I confess I was dreading the next 36 hours. I wasn’t sure if I would be faced with an irritable, grumpy daughter and knew that my husband, my other daughters and I might be taking the brunt of Emily’s frustrations about her lost paper. Later that night, I tiptoed up the stairs and tentatively opened the door to Emily’s room. She looked up from a different computer and smiled warmly. “Hi mom!” She said, “I have three pages so far. Only three more to go!”
John Wooden, UCLA basketball coach, once said, “Sports do not build character. They reveal it.” I think trials reveal our character too, and as I stood smiling back at my daughter, I realized I was given a sweet glimpse into her character that night.

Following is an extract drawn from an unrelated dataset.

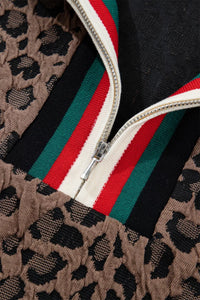 Close-up of a jacket with leopard print, red, green, and white zipper details.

I walked over and kissed her on the forehead and told her how proud I was of her.
As I left her room, I thought about how I have been handling my own trials lately. Not so well if I am honest. I may look one way on the outside, but on the inside, I have been whining and complaining, feeling entitled and lacking gratitude, standing before God with my arms crossed while tapping my foot impatiently on the kitchen floor.
I read a blog the other day by John Richmond on Donald Miller’s Storyline. In trying to decide whether or not he would run a half marathon RIchmond writes, “To be completely honest, I like the idea of being someone who runs half marathons more than the reality of actually lacing up my shoes and doing it.”
In the same way, if I am honest, I love the idea of being someone who lives well in the midst of the struggle much more than the reality of the discipline and sacrifice that this requires. I sit with my coffee at my kitchen table in the early morning and think of all the ways I will serve others or love my family or encourage my husband or live intentionally, but when everyone else wakes up and life happens, I often have a list of excuses about why I just can’t do this well. While God’s grace is ultimately what allows me to do anything well, there is also one fact that I often avoid: sometimes you just have to get in there and do the work, whether it is easy or fun or fair.
Teenagers get a lot of bad press and while it might be justified at times, there are also moments when my teenagers teach me so much about perseverance, character and hope. Emily didn’t find some easy solution that made her paper magically reappear. She cried, yes, but she didn’t whine and give up. Instead she embraced the trial, sat down at her computer and started again. Grateful today for the reminder my daughter gave me that sometimes living well means writing one word at a time or taking one step at a time, even if it is a painful or difficult step you really don’t want to take.